We’ve been iterating on how we build services architectures for the past few decades, going from various flavors of RPC to messaging to RPC again. (Currently, enterprise architectures are dominated by cloud-native microservices.) Each new technology platform forces us to reevaluate our architectures to optimize for the holy grail: fast feedback loops of service change to reduce time to value. However, these systems architectures are still distributed systems, and the laws of distributed computing still hold.
As we strive toward architecture guidelines like microservices, we’re faced with the fact we’re making more network calls and need to do more integration to get our system to work. The problem with more integration is that we create more ways for our applications to break and for failures to propagate much faster than before. We need a way to get the benefits of microservices without the serious disadvantages of a practical implementation. We need a way to call our microservices and be resilient to distributed systems failures.
There are a number of tools that provide necessary things like resilience, routing, and observability, and they work fine if you have a homogenous stack. However, at most enterprises, this is not the case. For each combination of platform/language/framework used to build microservices you must solve for the following critical functions: routing, adaptive/client-side load balancing, service discovery, circuit breaking, timeouts/retries/budgets, rate limiting, metrics/logging/tracing, fault injection, and A/B testing/traffic shaping/request shadowing. Trying to do all of these things in application-layer libraries across all your languages and all your frameworks becomes incredibly complex and expensive to maintain. Christian Posta offers an overview of Envoy Proxy and Istio.io Service Mesh, explaining how they solve application networking problems more elegantly by pushing these concerns down to the infrastructure layer and demonstrating how it all works.

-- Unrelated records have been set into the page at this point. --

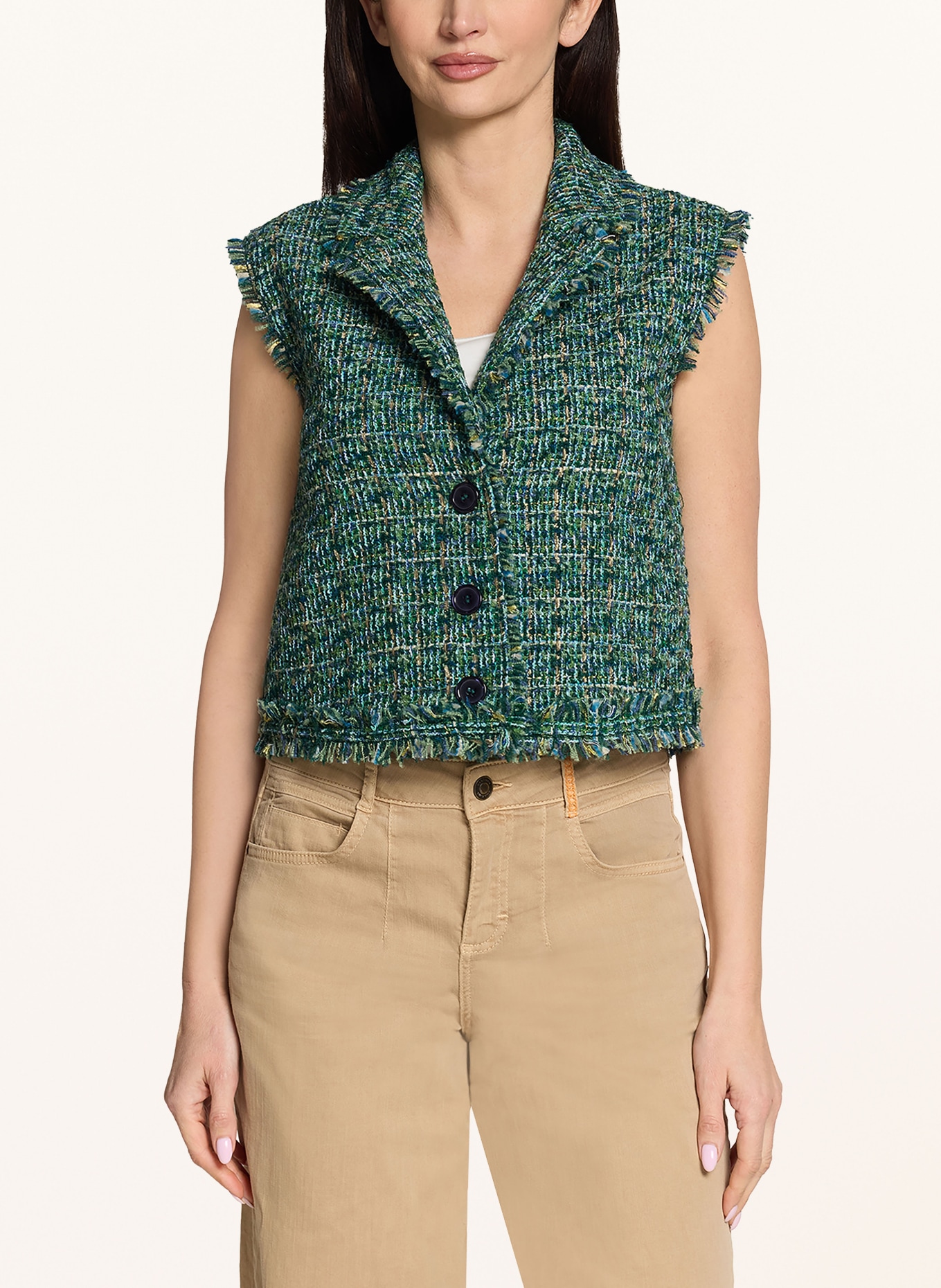 CARTOON Tweed-Weste: GRÜN / BEIGE / PETROL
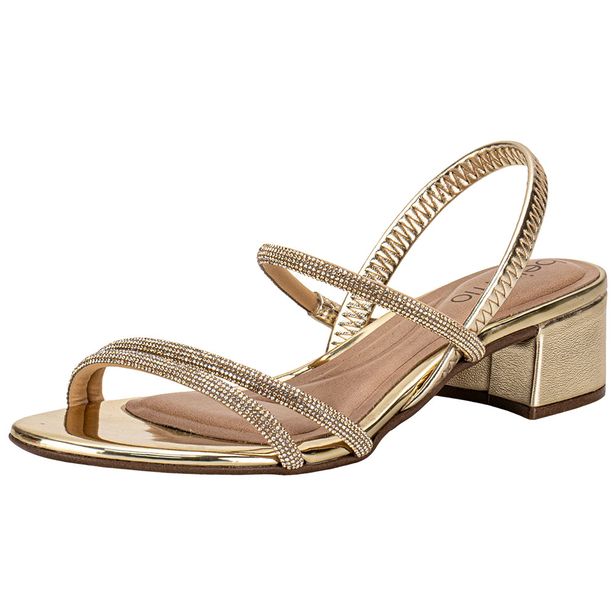 Sandália Feminina Salto Grosso Beira Rio 8345647 OURO 34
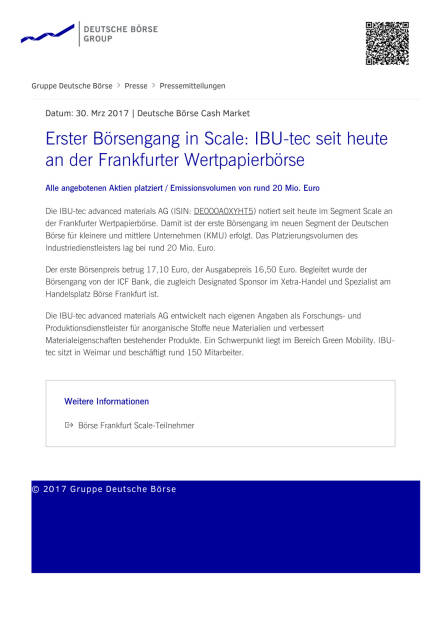 Erster Börsengang in Scale: IBU-tec seit heute an der Frankfurter Wertpapierbörse, Seite 1/1, komplettes Dokument unter http://boerse-social.com/static/uploads/file_2188_erster_borsengang_in_scale_ibu-tec_seit_heute_an_der_frankfurter_wertpapierborse.pdf (30.03.2017) 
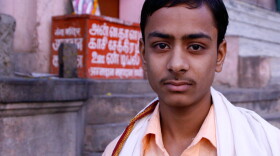 Shivdutt Mishra, 15, hopes to one day become an airline pilot. He comes every morning to the ghats in Varanasi — wide stone steps leading to the Ganges — to get his blessings from the river considered by Hindus to be holy and to meditate on the future.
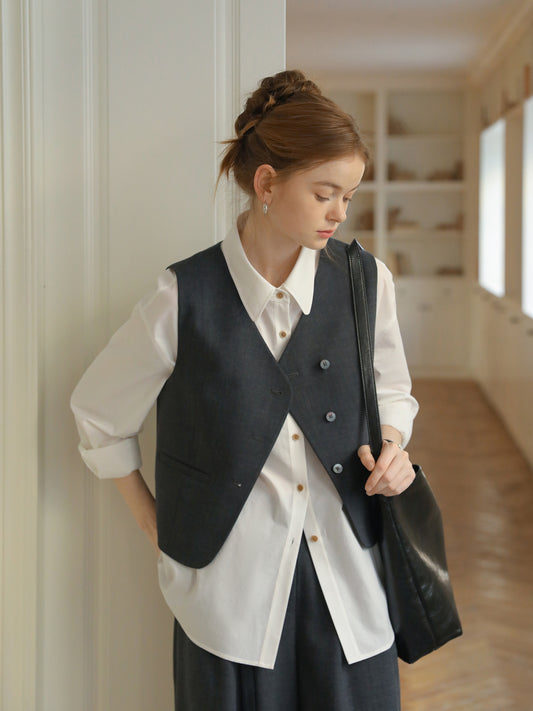 Asymmetrical Waistcoat With Back Belt Detail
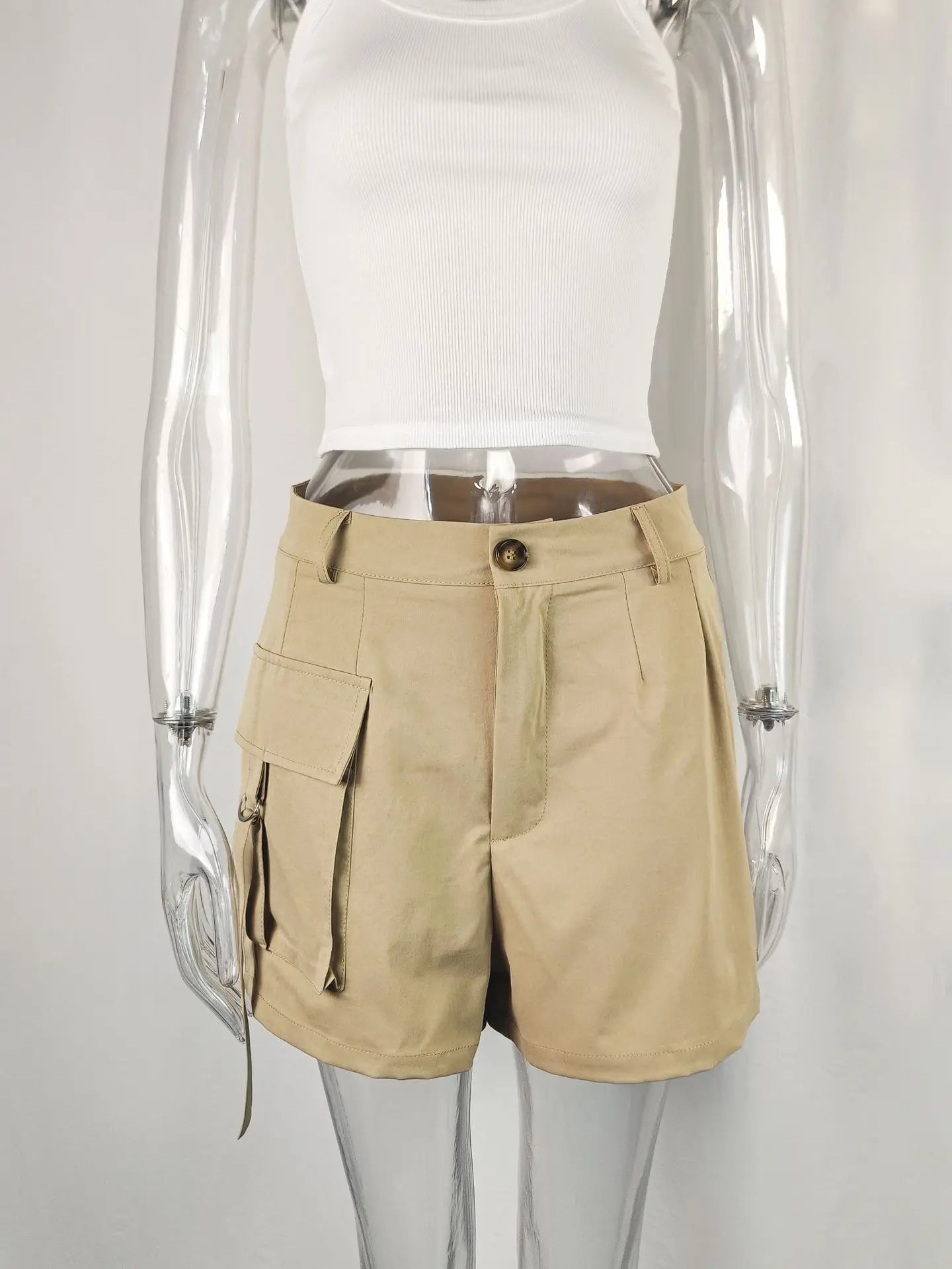 Shorts Solid Women Zipper Fly High Waist Shorts Casual Spliced Pockets Patchwork 2025 Summer Button Skinny Slim Fit Sports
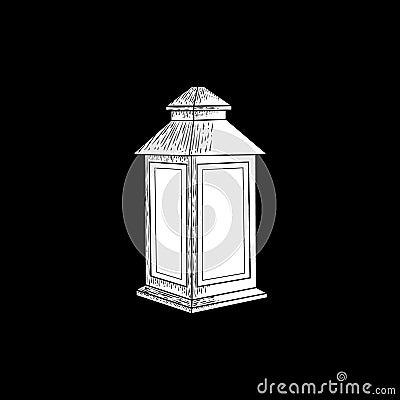 Silhouette lantern for design element on black background Stock Photo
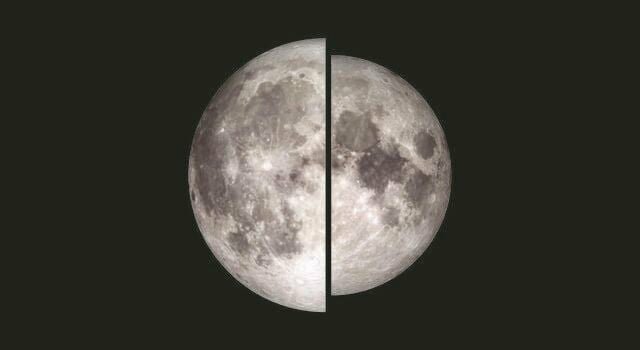 An image of the moon taken by NASA's Lunar Reconnaissance Orbiter is shown in two halves to illustrate the difference in the apparent size and brightness of the moon during a supermoon. The left half shows the apparent size of a supermoon. NASA PHOTO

Christian Posta is chief architect for cloud applications at Red Hat. Christian has spent a great deal of time working with large companies creating and deploying large-scale distributed architectures—many of which are now called microservices based. A frequent blogger, speaker, and open source enthusiast, Christian is the author of Microservices by Example and a committer on the open source projects Apache ActiveMQ, Apache Camel, Fabric8.io, and others. Christian enjoys mentoring, training, and leading teams to be successful with distributed systems concepts, microservices, DevOps, and cloud-native application design.